By comfort, I mean being comfortable. Believe me, if I could find it in Scripture that God’s plan and will for his children during their time on earth was to go through unscathed, unchallenged, untested, untried, uncorrected, undisciplined—in other words, comfortable—I’d be the first to proclaim it.

But the longer I seek my Savior and Lord—and so far it’s been about 25 cycles through his Word— I can’t seem to find comfortable among God’s goals for us. I don’t see it listed as a Spirit fruit or a mark of the mature Christian. In vain I search for verses that say God’s children will be known by their comfortable lives. 

Mostly what I find is that Christians will be marked by their love.

For the Love of God

I read of a God who loved so much that he spared not his own Son, but freely gave him up for us all. I see a maligned and misunderstood Jesus who, in the span of one chapter of Matthew, is called a blasphemer and prince of demons. Then I hear the crowds laugh at him when he announced he’d raise a daughter back to life. Later, in the Upper Room, he would tell his disciples, if they hated me they will hate you, and in this world you will have trouble.

Now I hear old Simeon tell mother Mary that a sword would pierce her heart. I read that two of his three closest friends, Peter and James, were murdered. I see his servant Paul stoned, whipped, and left for dead. But I don’t find smooth and easy lives mentioned as evidence of God’s love.

Rather, from Genesis to Revelation, I meet a God who suffers with us, who calls us to come to him and share his yoke. I see the One by whom all things were made and in whom was life, indignant and weeping at the grave of his beloved friend Lazarus. I see Jesus who loved Mary and her sister Martha wait four days when he heard Lazarus was sick. He didn’t rush in to make them comfortable. He shows his love by giving us what we need most—a view of his glory. Suffering can give us that view. It can show us His glory. The stars are brightest in the darkest nights.

Adoption does that that for me. It shows me God’s glory.

Adoption, Parenting, Loving: All Uncomfortable Grace

This sometimes uncomfortable grace and lavish love of God is manifest in adoption every single day.
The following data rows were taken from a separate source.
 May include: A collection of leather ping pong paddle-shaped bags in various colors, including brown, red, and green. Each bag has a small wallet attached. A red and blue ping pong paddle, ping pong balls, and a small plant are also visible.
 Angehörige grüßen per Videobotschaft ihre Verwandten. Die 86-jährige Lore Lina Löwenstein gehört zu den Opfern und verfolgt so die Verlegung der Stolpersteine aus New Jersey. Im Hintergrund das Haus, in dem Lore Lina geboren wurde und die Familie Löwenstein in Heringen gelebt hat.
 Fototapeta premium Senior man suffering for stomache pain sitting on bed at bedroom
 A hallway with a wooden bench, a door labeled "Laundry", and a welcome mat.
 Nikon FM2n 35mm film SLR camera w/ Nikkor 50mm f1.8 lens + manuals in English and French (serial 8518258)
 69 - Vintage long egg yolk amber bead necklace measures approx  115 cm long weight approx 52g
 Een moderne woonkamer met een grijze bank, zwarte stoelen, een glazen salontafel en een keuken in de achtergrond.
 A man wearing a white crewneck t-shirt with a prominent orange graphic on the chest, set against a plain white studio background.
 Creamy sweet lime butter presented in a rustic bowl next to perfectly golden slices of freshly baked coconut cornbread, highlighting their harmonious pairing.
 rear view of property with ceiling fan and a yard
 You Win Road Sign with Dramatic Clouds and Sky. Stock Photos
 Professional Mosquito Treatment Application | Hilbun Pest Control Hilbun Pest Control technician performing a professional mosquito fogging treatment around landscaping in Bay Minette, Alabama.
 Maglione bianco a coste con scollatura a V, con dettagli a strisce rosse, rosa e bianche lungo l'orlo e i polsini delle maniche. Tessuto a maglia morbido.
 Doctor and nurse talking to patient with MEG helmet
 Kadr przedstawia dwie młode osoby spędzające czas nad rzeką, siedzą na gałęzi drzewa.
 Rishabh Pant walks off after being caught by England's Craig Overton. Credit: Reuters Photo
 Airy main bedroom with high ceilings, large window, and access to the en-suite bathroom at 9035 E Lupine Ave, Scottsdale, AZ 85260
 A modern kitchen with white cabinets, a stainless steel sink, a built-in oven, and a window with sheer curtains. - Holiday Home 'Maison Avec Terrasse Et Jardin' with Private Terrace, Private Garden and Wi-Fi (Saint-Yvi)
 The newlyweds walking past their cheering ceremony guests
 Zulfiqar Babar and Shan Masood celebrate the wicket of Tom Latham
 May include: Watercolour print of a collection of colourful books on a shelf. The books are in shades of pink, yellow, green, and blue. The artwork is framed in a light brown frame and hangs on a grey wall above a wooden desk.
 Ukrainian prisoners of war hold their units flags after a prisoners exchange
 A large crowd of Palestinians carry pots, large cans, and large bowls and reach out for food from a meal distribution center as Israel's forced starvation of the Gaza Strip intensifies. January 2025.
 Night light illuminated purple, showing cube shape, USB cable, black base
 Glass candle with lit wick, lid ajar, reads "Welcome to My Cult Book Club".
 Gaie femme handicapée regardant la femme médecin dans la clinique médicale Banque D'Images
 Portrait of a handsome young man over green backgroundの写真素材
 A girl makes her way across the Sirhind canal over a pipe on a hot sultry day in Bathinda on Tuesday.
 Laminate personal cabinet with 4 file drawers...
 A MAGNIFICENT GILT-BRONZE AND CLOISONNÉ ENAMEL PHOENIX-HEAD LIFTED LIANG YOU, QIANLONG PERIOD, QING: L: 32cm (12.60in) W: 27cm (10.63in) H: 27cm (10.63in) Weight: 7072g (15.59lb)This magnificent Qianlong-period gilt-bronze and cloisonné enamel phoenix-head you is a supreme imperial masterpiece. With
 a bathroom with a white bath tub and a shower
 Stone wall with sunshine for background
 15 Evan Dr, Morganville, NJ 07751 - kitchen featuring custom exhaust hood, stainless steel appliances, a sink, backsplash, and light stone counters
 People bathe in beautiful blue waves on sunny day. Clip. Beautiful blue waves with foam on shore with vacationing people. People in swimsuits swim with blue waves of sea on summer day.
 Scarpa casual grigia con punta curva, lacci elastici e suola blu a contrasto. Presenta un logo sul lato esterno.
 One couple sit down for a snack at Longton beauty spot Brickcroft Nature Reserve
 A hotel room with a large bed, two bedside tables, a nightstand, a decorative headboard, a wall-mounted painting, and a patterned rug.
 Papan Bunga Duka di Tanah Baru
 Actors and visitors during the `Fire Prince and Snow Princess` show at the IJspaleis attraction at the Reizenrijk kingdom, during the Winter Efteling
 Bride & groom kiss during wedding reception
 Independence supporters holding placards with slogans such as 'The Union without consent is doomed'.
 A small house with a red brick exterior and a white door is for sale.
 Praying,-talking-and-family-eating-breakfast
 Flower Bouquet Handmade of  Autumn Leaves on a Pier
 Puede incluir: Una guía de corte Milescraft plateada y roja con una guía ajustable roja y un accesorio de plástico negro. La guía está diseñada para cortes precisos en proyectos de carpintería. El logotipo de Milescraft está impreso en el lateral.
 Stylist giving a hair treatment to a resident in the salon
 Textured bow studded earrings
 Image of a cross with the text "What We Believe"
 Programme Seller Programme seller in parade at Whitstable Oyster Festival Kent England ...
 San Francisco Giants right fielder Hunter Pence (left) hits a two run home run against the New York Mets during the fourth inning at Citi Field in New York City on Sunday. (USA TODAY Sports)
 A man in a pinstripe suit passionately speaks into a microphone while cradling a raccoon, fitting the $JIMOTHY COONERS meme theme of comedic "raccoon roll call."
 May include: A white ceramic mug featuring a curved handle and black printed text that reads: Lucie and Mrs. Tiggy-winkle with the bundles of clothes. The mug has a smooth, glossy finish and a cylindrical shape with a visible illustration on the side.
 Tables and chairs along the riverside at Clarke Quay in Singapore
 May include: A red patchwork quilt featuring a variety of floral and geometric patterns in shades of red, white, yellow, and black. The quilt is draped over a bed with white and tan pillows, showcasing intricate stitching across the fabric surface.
Every single day. After all, He adopted me.

As I end, please know that your comments are most welcome. I love hearing from my readers. Whether your comment is critical or thankful or something in between, I am grateful to you for investing your precious time reading my words.

I pray that they will equip us to embrace God’s uncomfortable grace, and to grow more strong and meek—like Jesus.

Even as sometimes we groan.

And not only this, but also we ourselves, having the first fruits of the Spirit, even we ourselves groan within ourselves, waiting eagerly for our adoption as sons, the redemption of our body.